E: “I love the idea of the Student Farm because I see it as a collaborative effort among people across different disciplines. None of the students in CFS are familiar with agriculture. None of us have lived or worked on farms. I see the Student Farm as an opportunity for people who are in agriculture to talk to people who are in nutrition, in Biology and Biobehavorial Health, in Sustainability and Ecology. It can be a place where we can all talk with each other and think about problems like food insecurity and sustainable agriculture from multiple angles. I think the Student Farm would attract people from a lot of disciplines and be able to talk about these issues and come up with comprehensive, interdisciplinary solutions. Or at least try to. And so, I think CFS would really benefit by bringing attention to the community food insecurity aspect of things. Once the farm gets up and running, CFS would be interested in talking about having some of the produce donated to the Phillipsburg food bank, or coming up with ways that we can support local agriculture up there.”

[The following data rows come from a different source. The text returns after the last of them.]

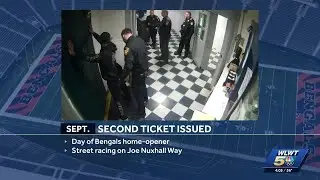 Bengals player booked into jail after pleading guilty to reckless driving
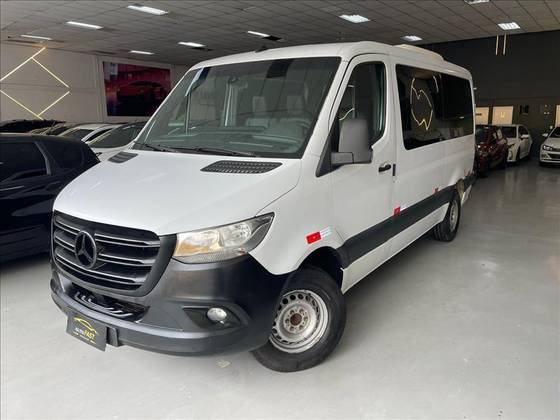 MERCEDES-BENZ SPRINTER 2.2 CDI DIESEL VAN 416 LONGO 16L MANUAL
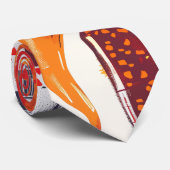 Hot Sauce-Krawatte Krawatte (Gerollt)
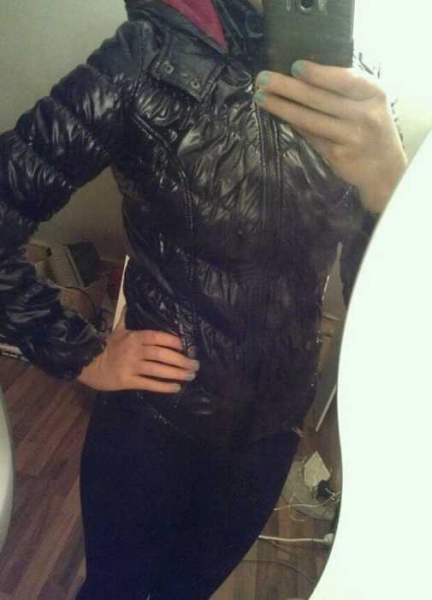 lackjacke glanz jacke 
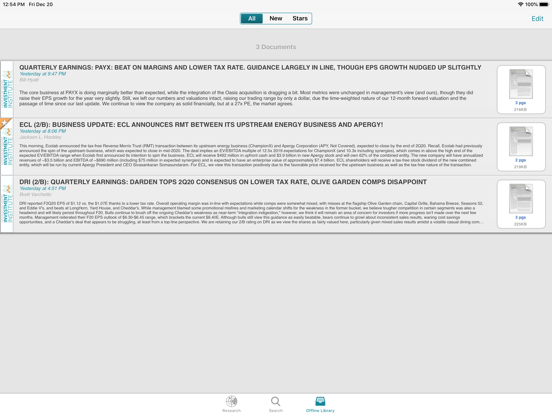 NTAMII iPad screenshot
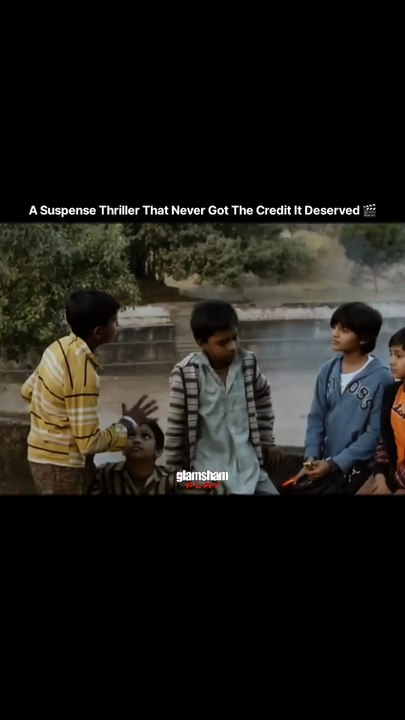 Tension, mystery, and kids way braver than they look. Underrated, for sure.  #glamsham #suspensethriller #underratedfilm #hiddenclassic #edgeofyourseat  {glamsham, suspense thriller, underrated film, hidden classic, edge of your seat}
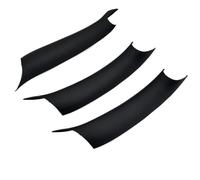 FIXCOR Pour X5 X6 F15 F16 2014-2018 Poignée De Porte Intérieure De Voiture Housse De Protection Garniture Texture Fibre De Carbone (Black)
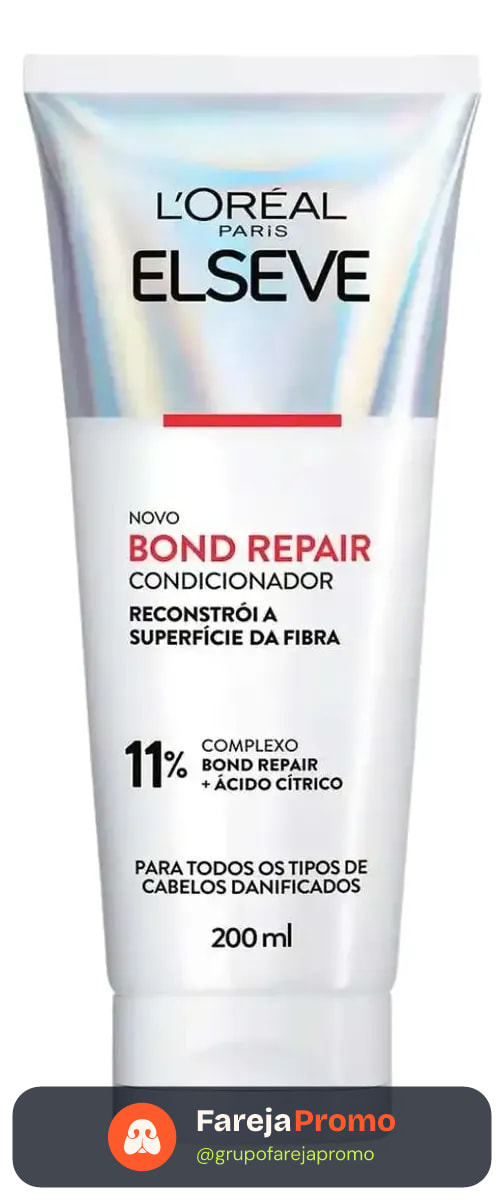 Condicionador Elseve Bond Repair Loreal 200ml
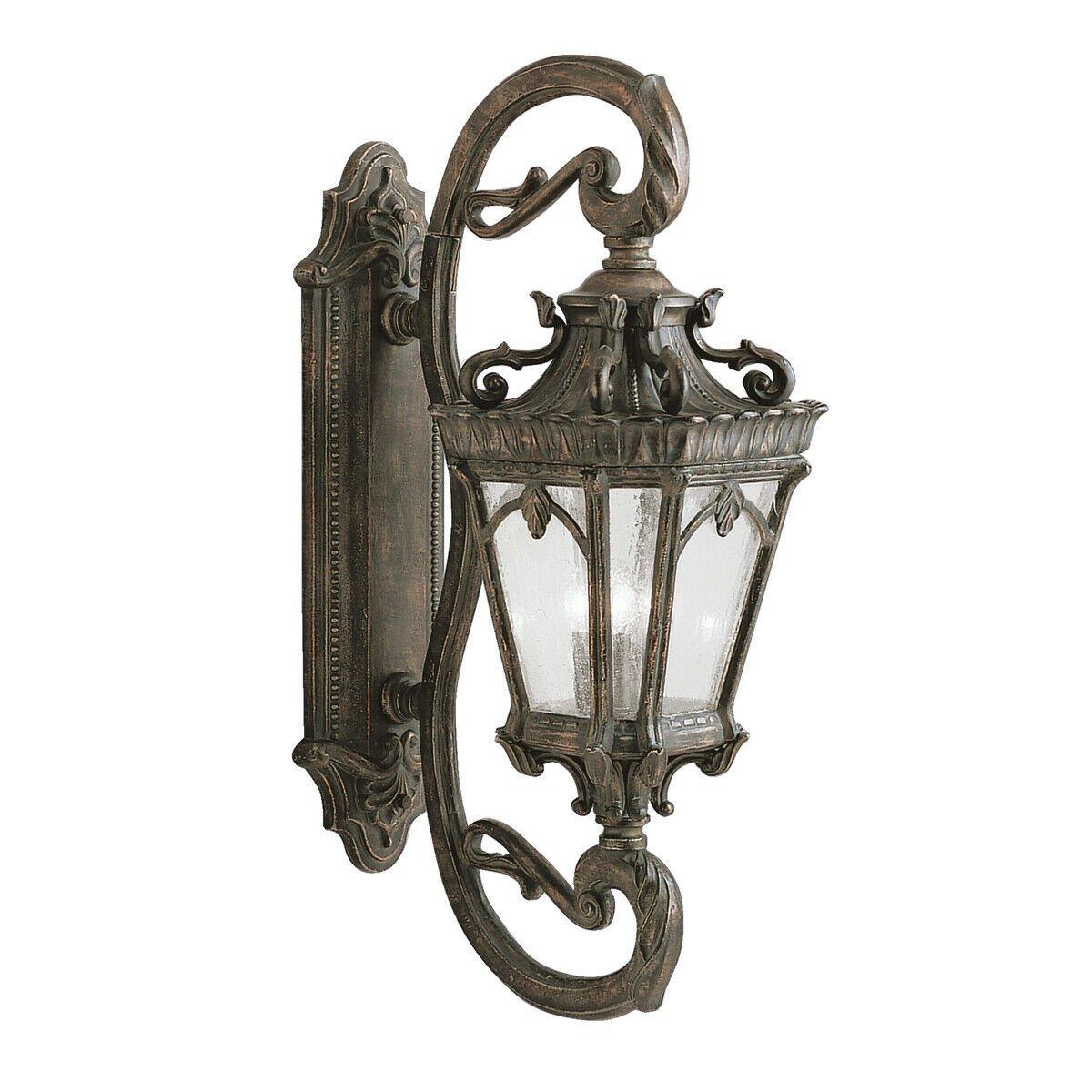 Outdoor IP44 4Wall Light Londonderry LED E14 60W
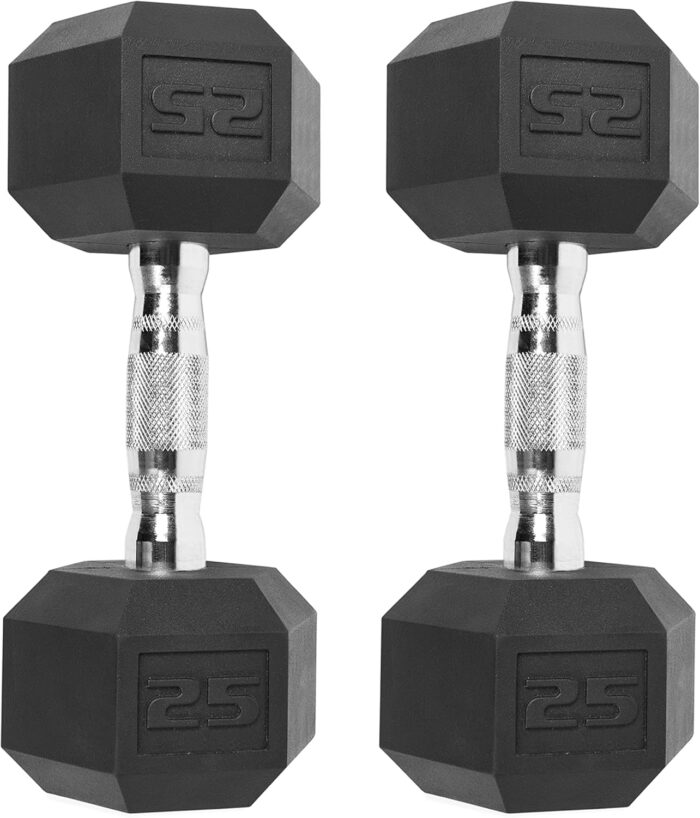 dumbbell set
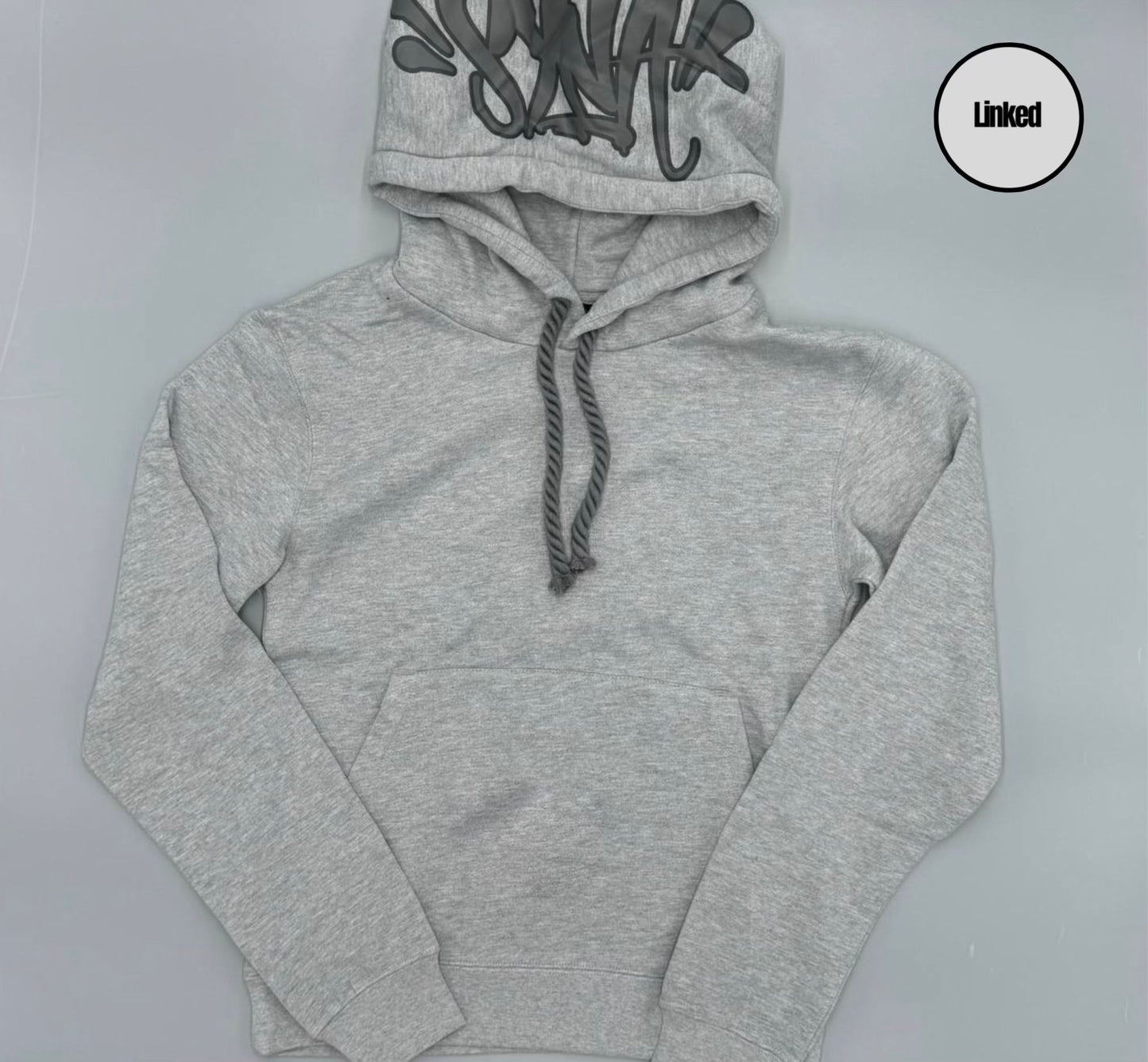 SYNA WORLD GREY TRACKSUIT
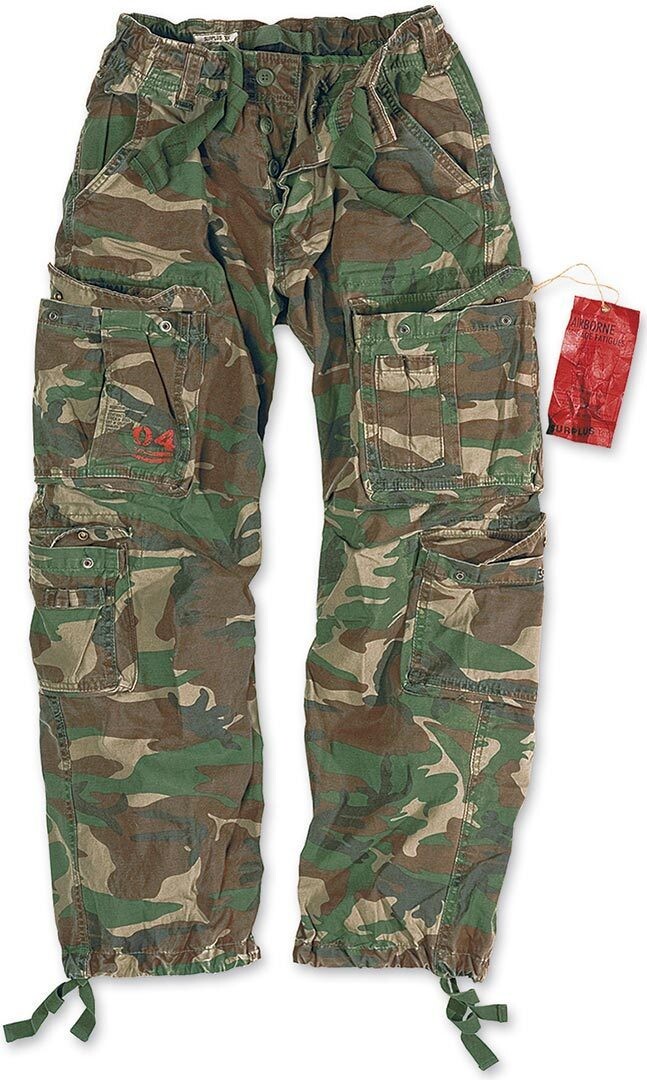 

Брюки Surplus Airborne Vintage для мотокросса, лесистый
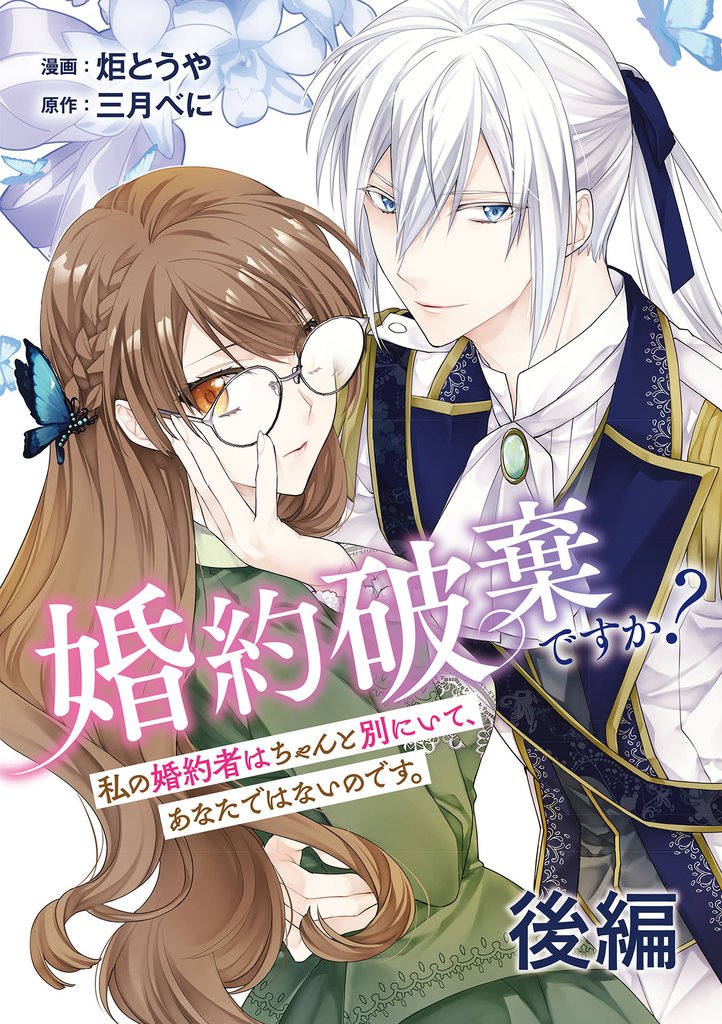 婚約破棄ですか？ 私の婚約者はちゃんと別にいて、あなたではないのです。 2 冊セット 全巻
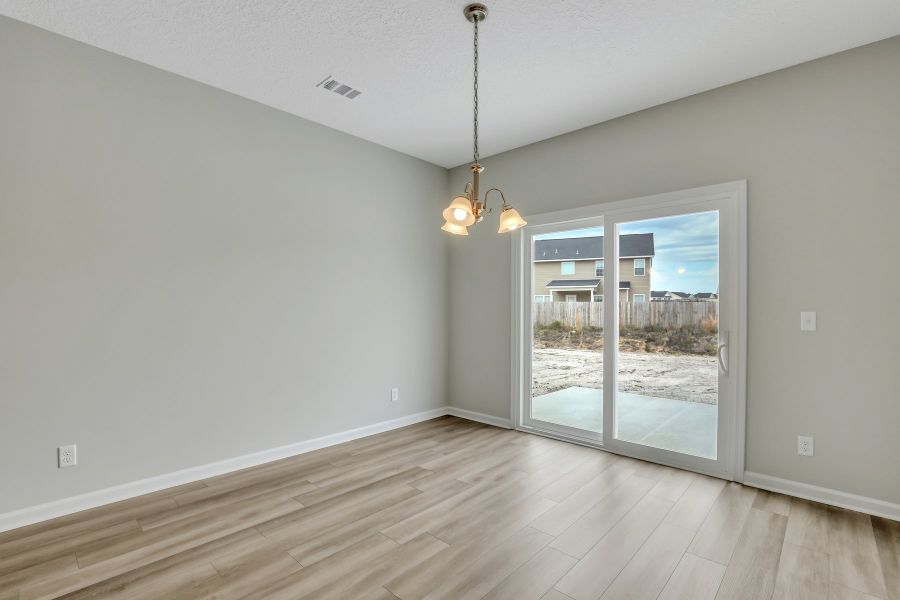 Representative unfurnished interior of a home built from the The Brunsen by RTS Homes in Grand Reserve, Hinesville (Image 38). Representative unfurnished interior of a home built from the The Brunsen by RTS Homes in Grand Reserve, Hinesville (Image 38).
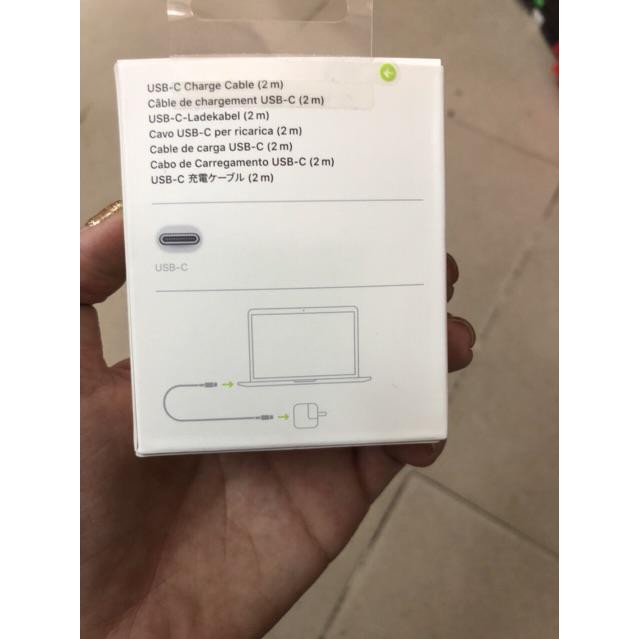 Cáp zin USB TYPE C to TYPE C dài 2 m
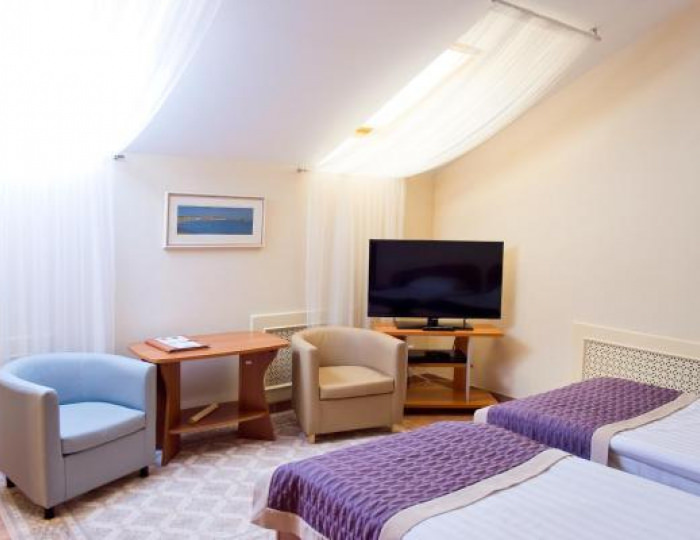 Номер стандарт с 2 односпальными кроватями (с завтраком) - Отель «Усадьба» Смоленск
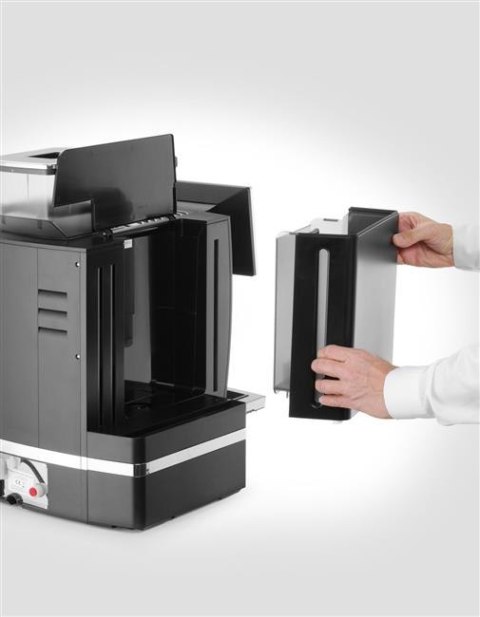 Automatyczny Ekspres do Kawy ze Zbiornikiem 6l i Przyłączem Wody Hendi 209950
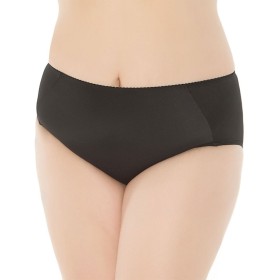 Высокие трусы слипы Milavitsa 260210 черный, Цвет: черный, Размеры: 6XL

K: Thinking about these solutions, do you think there is a possibility to have a partnership with food insecure places and the Student Farm in a more direct way?
E: “I guess it would depend on where the Student Farm would like to expand their reach, and if the initiative will want to partner with food insecure communities. Because these foods are perishable, it’s hard to merely provide, say, tomatoes when they might rot before they can reach food insecure households. And as we’ve realized in the research lab, it’s hard to bring individuals from surrounding communities into Penn State because of transportation issues, and people working long hours. So I’m not sure how that would work. But I think students who are passionate about farming could take fruits and vegetables and be like—‘here are fruits and vegetables that can be grown in PA, and here are the dishes you can make with them, and here is the cost of this dish,’ showing people that can be feasible, especially if you start from the seed.”
K: It’s all about learning.
E: “Right. And I think that the Student Farm might have the knowledge to give to places like Phillipsburg—and to me too, because I don’t even know how to grow fruits and vegetables.”